Detailed Description

In order to make the objects, technical solutions and advantages of the embodiments of the present invention clearer, the technical solutions in the embodiments of the present invention will be clearly and completely described below with reference to the drawings in the embodiments of the present invention, and it is obvious that the described embodiments are only a part of the embodiments of the present invention, and not all of the embodiments. All other embodiments, which can be derived by a person skilled in the art from the embodiments given herein without making any creative effort, shall fall within the protection scope of the present invention.

Example 1

As shown in fig. 1, the present embodiment provides a bullet screen display method, including:

s1, acquiring a video to be processed;

the video to be processed may be a live video, or a played previously recorded video, and is not limited herein.

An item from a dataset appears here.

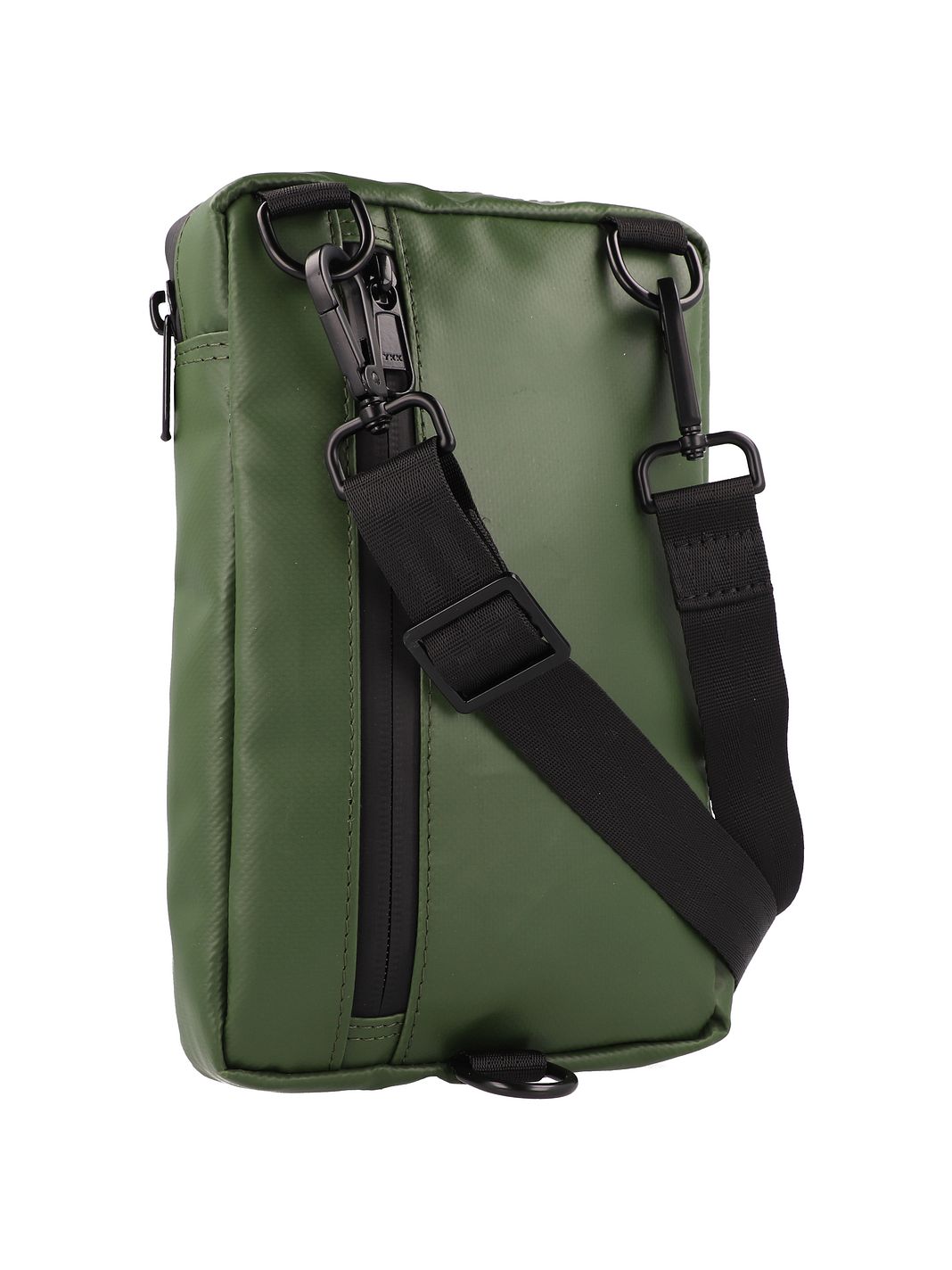 Greenburry Upcycled Tarpaulin Mini bag crossbodytaske 14 cm Greenburry Upcycled Tarpaulin Mini bag crossbodytaske 14 cm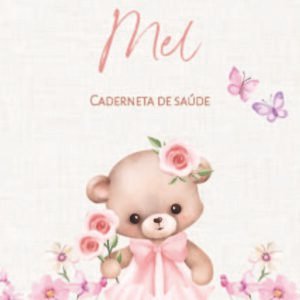 Caderneta de saúde e outros ursinha jardim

S2, calculating the time domain saliency and the space domain saliency of the video image according to the image characteristics of each frame in the video;

as shown in fig. 2: as an optional implementation manner of the step, the spatial saliency of each frame of the video is calculated according to the brightness, the chrominance and the texture characteristics; as a specific optional implementation, the video image is divided into a plurality of pixel blocks; calculating the average value of the brightness of the current pixel block as a first average brightness, and calculating the average value of the brightness of the pixel blocks around the current pixel block as a second average brightness; calculating the average value of the difference values of the first average brightness and the second average brightness as the brightness significance of the current pixel block; calculating the average value of the chroma of the current pixel block as a first average chroma, and calculating the average value of the chroma of the pixel blocks around the current pixel block as a second average chroma; calculating the average value of the difference values of the first average chroma and the second average chroma as the chroma significance of the current pixel block; calculating the average value of the texture features of the current pixel block as a first average texture feature, and calculating the average value of the texture features of the pixel blocks around the current pixel block as a second average texture feature; calculating the average value of the difference values of the first average textural feature and the second average textural feature as the textural feature significance of the current pixel block; and performing weighted calculation on the brightness significance, the chroma significance and the texture feature significance to obtain the spatial domain significance of the current pixel block. For example, a video image may be divided into a plurality of equal-sized pixel blocks, and the spatial saliency of the central pixel block may be determined as the average of the luminance differences between the central pixel block and 8 pixel blocks around the central pixel block. The chrominance saliency and the texture feature saliency may be calculated in the same manner as the spatial saliency described above. As an alternative embodiment, the weighted calculation of the luminance saliency, the chrominance saliency, and the texture feature saliency described above may be used as the spatial saliency.

Continuing with fig. 2, as an alternative embodiment of this step, two frames separated by a predetermined frame are selected from the video to be processed, and the optical flow characteristics of the foreground object of the next frame relative to the foreground object of the previous frame in the two frames are extracted; and calculating the unit modulus value of the optical flow according to the optical flow feature, and taking the unit modulus value of the optical flow as the time domain saliency. As a specific optional implementation, dividing each frame into a predetermined number of regions to be processed according to a scene type, calculating a distance between the regions to be processed of the same scene type in the two frames, and dividing the two frames into a set of frames of the same scene when the distance is within a predetermined threshold; selecting two frames of a frame set of the same scene at intervals of a preset frame, extracting the optical flow characteristics of a foreground object of a next frame relative to a foreground object of a previous frame, and calculating the unit modulus value of the optical flow as the time domain saliency. As a specific optional implementation mode, the images of the previous frame and the next frame are sent to an optical flow extraction network, and the optical flow characteristics of the foreground object of the next frame relative to the foreground object of the previous frame are obtained. In the above-described embodiment, the optical flow extraction network may be a downsampled optical flow extraction network.

An exemplary temporal saliency acquisition process as an alternative embodiment to the above is to compare scene segmentation results of video frames spaced by K frames. The result of scene segmentation is MASK with discrete pixel values having the same resolution as the original video, and the pixel value at a certain position is the area type corresponding to the store (for example, green belt is 0, road is 1, and sidewalk is 2). The same scene can be considered when the distance between the two MASKs is less than a certain threshold. In the same scene, the temporal saliency of the (N + K) th frame is calculated by acquiring the optical flow characteristics of the salient foreground objects contained in the background segmentation block. And (4) down-sampling the video images of the Nth frame and the (N + K) th frame, sending the down-sampled video images into an optical flow extraction network to obtain optical flow characteristics corresponding to the foreground area, and calculating a unit module value of the optical flow to be used as a time domain saliency.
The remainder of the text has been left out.